» **Exercise brief**
Filter the entries below, keeping only lines with "light".

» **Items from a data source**

· · · ·

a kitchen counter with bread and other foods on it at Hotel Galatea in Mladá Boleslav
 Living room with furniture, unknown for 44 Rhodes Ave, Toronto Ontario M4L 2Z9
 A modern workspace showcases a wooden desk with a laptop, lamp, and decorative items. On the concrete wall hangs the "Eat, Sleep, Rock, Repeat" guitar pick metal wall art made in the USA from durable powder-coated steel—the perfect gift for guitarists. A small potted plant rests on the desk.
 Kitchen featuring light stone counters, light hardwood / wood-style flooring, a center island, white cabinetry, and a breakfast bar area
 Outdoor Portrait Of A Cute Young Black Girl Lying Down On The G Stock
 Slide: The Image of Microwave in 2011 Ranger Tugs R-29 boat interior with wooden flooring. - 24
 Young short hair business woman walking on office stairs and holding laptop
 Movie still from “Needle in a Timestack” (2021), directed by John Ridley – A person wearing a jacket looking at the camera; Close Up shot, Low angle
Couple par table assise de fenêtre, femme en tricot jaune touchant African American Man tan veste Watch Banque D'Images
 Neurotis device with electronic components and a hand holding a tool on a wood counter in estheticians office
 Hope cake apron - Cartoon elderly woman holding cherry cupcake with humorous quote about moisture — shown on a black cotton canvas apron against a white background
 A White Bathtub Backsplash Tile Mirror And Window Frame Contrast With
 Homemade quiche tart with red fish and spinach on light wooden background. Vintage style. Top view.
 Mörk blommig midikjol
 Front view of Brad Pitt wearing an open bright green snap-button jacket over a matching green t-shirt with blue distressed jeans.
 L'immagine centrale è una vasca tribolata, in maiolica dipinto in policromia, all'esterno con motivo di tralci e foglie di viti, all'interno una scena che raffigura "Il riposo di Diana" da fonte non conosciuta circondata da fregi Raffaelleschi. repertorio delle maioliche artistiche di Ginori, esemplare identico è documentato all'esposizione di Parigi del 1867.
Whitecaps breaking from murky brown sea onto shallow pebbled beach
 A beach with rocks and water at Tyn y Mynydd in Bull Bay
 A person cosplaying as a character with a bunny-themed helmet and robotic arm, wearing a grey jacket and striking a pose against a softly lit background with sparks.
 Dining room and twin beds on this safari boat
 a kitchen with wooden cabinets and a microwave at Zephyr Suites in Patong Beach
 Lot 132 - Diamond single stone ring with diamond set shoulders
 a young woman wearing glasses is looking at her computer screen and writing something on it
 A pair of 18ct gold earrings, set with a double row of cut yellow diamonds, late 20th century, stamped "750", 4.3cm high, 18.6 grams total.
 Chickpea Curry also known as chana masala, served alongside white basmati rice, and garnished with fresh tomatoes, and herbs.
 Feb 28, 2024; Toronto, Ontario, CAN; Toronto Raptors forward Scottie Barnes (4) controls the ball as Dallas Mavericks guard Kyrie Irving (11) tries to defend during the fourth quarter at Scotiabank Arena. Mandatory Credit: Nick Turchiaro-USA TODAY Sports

· · · ·

» **Written response**
 Kitchen featuring light stone counters, light hardwood / wood-style flooring, a center island, white cabinetry, and a breakfast bar area
 Homemade quiche tart with red fish and spinach on light wooden background. Vintage style. Top view.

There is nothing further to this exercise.